Provided data:
-*-
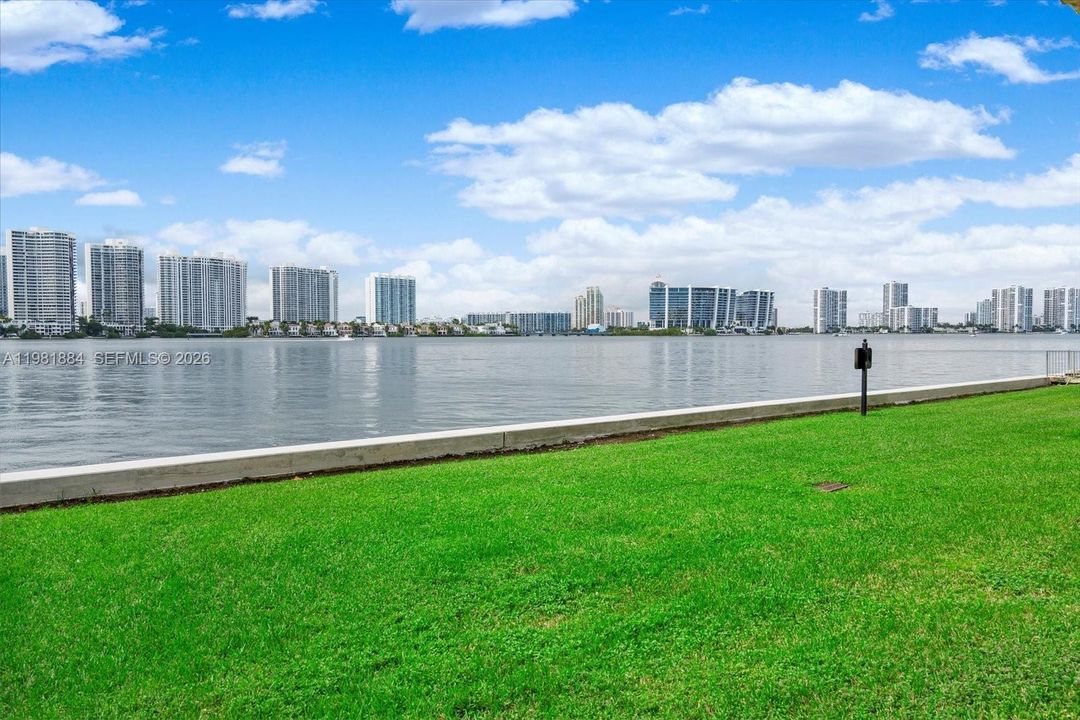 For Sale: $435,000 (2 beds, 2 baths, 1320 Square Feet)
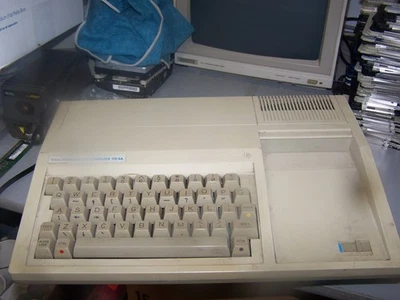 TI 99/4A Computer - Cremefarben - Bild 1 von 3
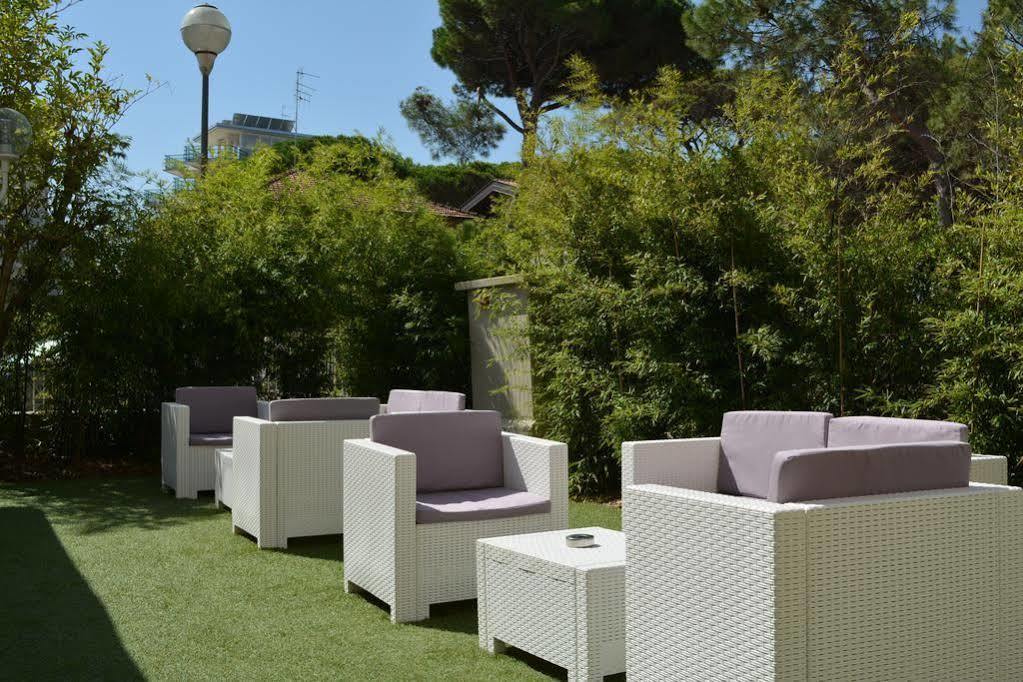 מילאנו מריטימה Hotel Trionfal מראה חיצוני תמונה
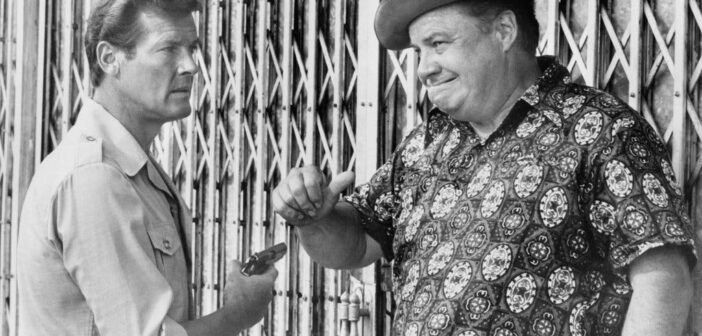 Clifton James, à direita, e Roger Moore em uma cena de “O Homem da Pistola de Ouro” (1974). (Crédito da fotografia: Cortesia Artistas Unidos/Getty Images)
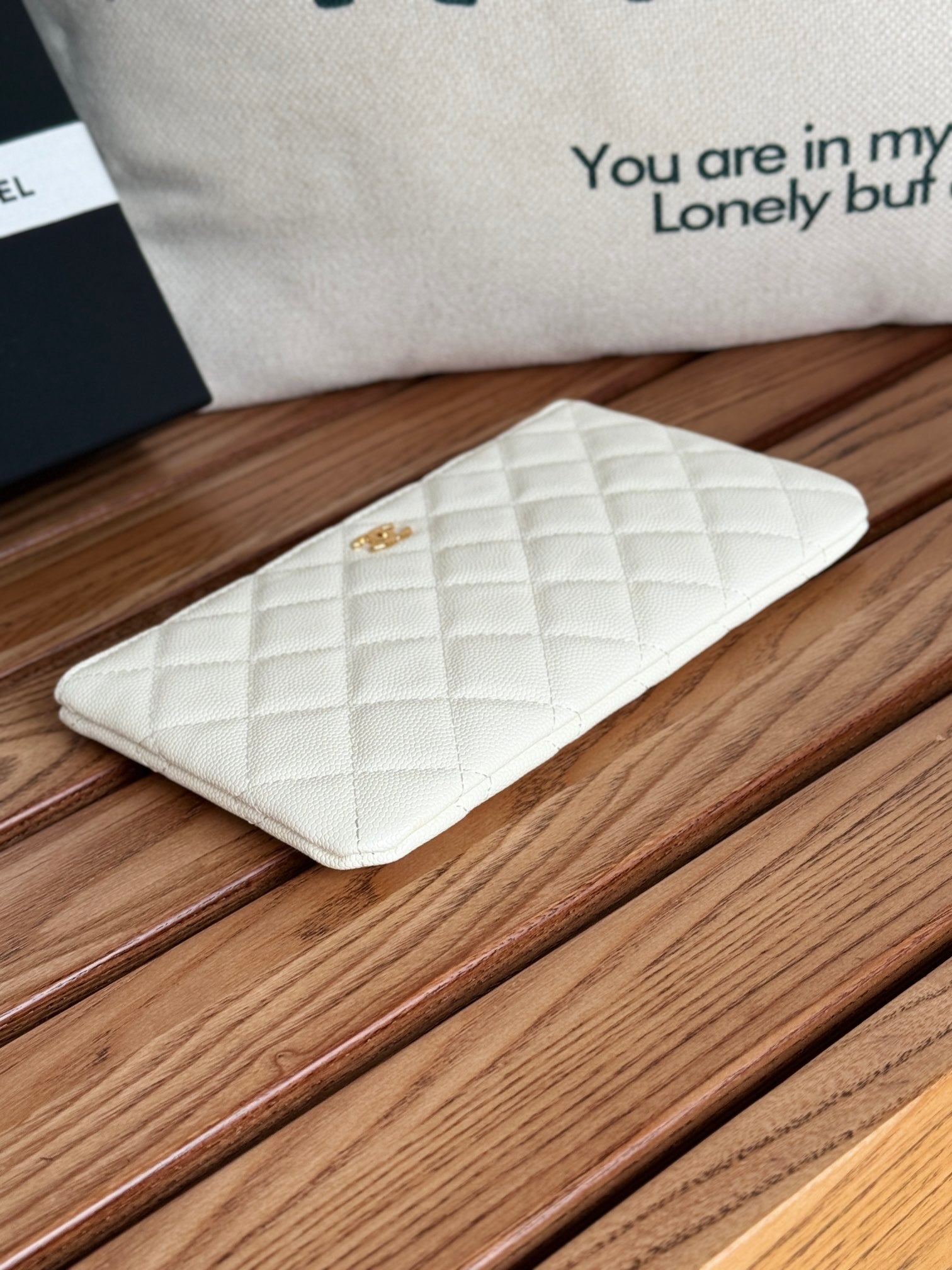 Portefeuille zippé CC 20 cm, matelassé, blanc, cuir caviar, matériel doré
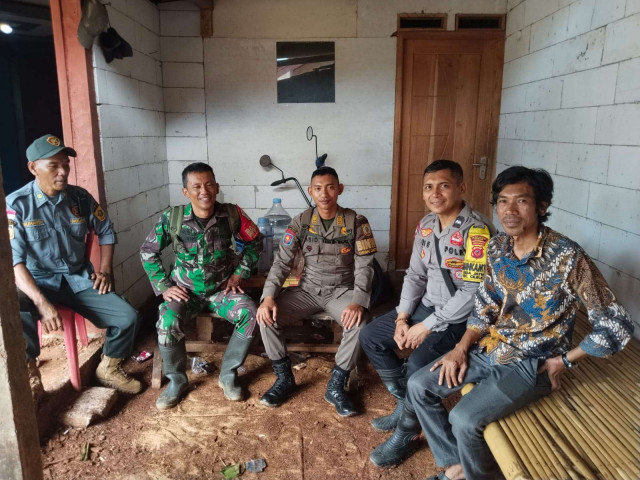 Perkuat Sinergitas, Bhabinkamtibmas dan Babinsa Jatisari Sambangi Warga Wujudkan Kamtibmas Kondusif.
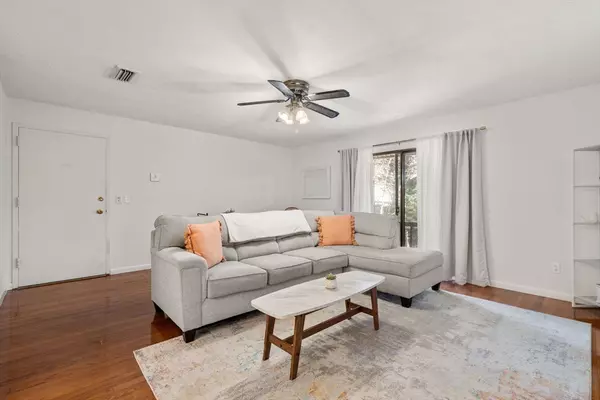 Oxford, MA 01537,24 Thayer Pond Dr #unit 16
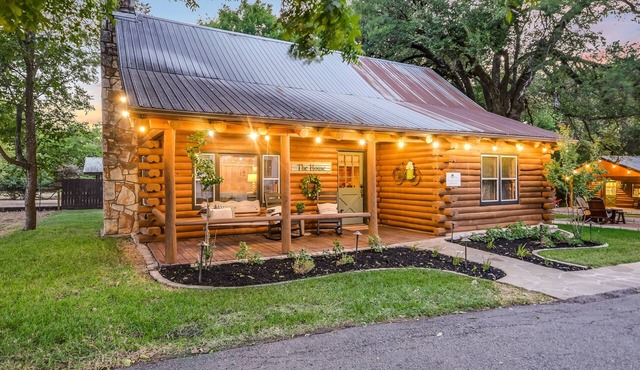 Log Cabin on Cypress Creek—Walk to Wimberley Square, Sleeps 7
-*-
Exercise brief:
Drop the pictures; return the lines above from the line containing "TI 99/4A Computer" to the line containing "Clifton James, à", both included, exactly.

Worked solution:
 TI 99/4A Computer - Cremefarben - Bild 1 von 3
 מילאנו מריטימה Hotel Trionfal מראה חיצוני תמונה
 Clifton James, à direita, e Roger Moore em uma cena de “O Homem da Pistola de Ouro” (1974). (Crédito da fotografia: Cortesia Artistas Unidos/Getty Images)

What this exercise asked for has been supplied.